Approximation Base On Smoothing (ABOS) Modeling Method
ABOS is a method for modeling values of irregularly spaced points by using a continuous function with two independent variables. This method is developed and implemented by the developer of SurGe, Miroslav Dressler.

The ABOS method uses very simple mathematical tools - numerical tensioning and smoothing. The tensioning and smoothing are performed so that elements of matrix, which represents surface z-values at nodes of a regular rectangular grid, are repeatedly replaced by the weighted average of selected surrounding elements. The selection of elements involved into weighted average depends on the type of tensioning or smoothing.
Despite the fact that the mathematics of the ABOS method is simple, the resulting surface can be modified by a few parameters so that it is comparable with the surface created by sophisticated methods such as Kriging, Radial Basis Functions or Minimum Curvature.

Following dialog window shows ABOS parameters that need to be set in order to run ABOS inside the Carlson.

Differential Smoothing Factor:
This parameter enables to control smoothness of generated surface.

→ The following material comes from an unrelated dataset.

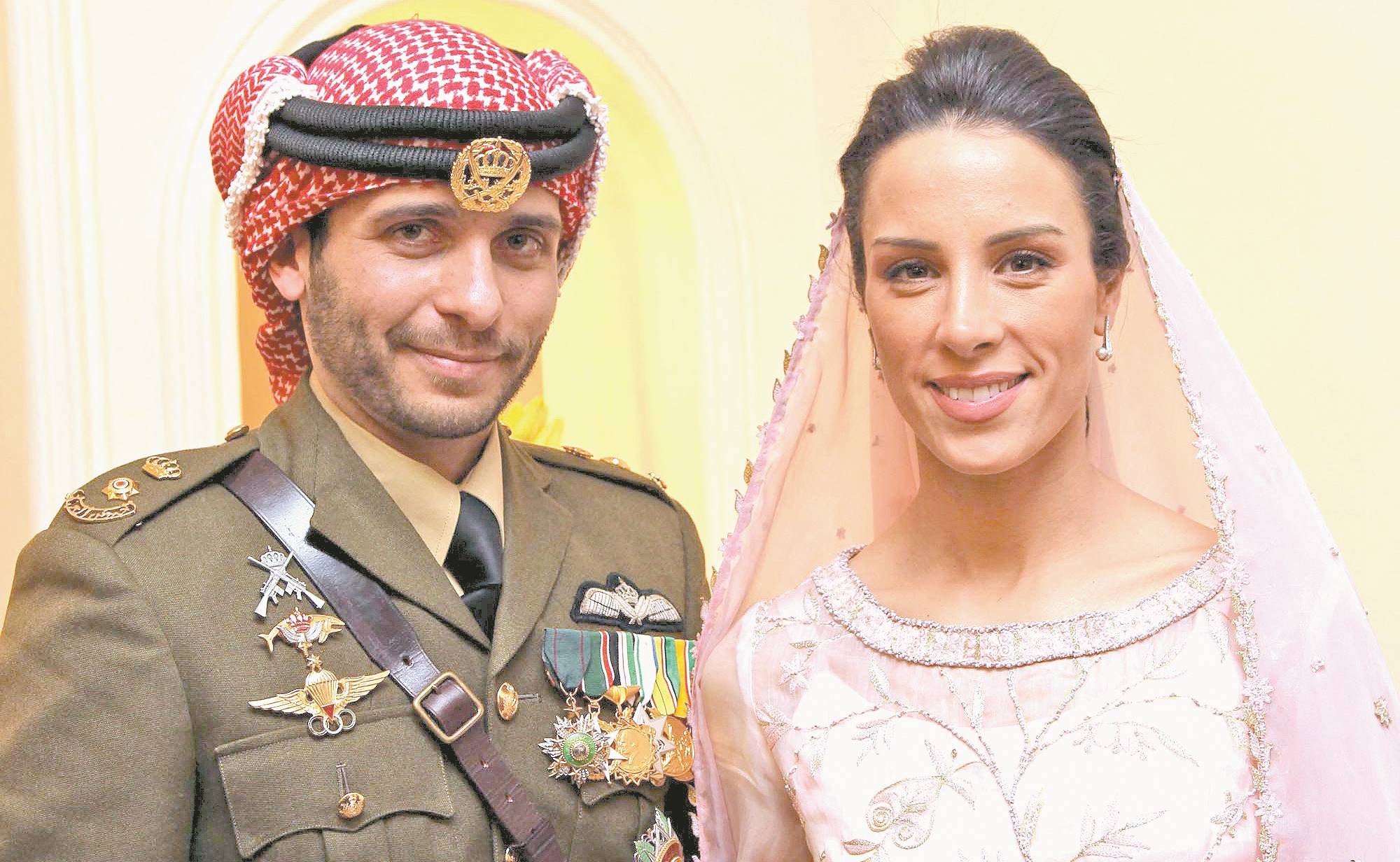 Crisis en Jordania: detienen a integrante de la familia real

The larger value, the sharper interpolation is obtained. Typical values are:
0.00 - 0.30 ... for smooth interpolation
0.40 - 0.60 ... for normal interpolation (default value is 0.50)
0.70 - 1000.0 ... for sharp interpolation

Sharp / smooth model at local extremes can be improved by increasing the differential smoothing factor. The accuracy of generated surface decreases with increase in this factor. The zero value produces most smooth surface.

Target Accuracy:
This parameter specifies how accurate the generated surface has to be. It represents the percentage value of average difference between z – coordinates of input points and generated surface from (Zmax – Zmin), where Zmin is the minimum value and Zmax is the maximum value of the z – coordinates of the input points. If the calculated accuracy ((Average DZ / Zmax – Zmin) * 100) is less than the Target Accuracy, the process of interpolation stops and outputs the target grid.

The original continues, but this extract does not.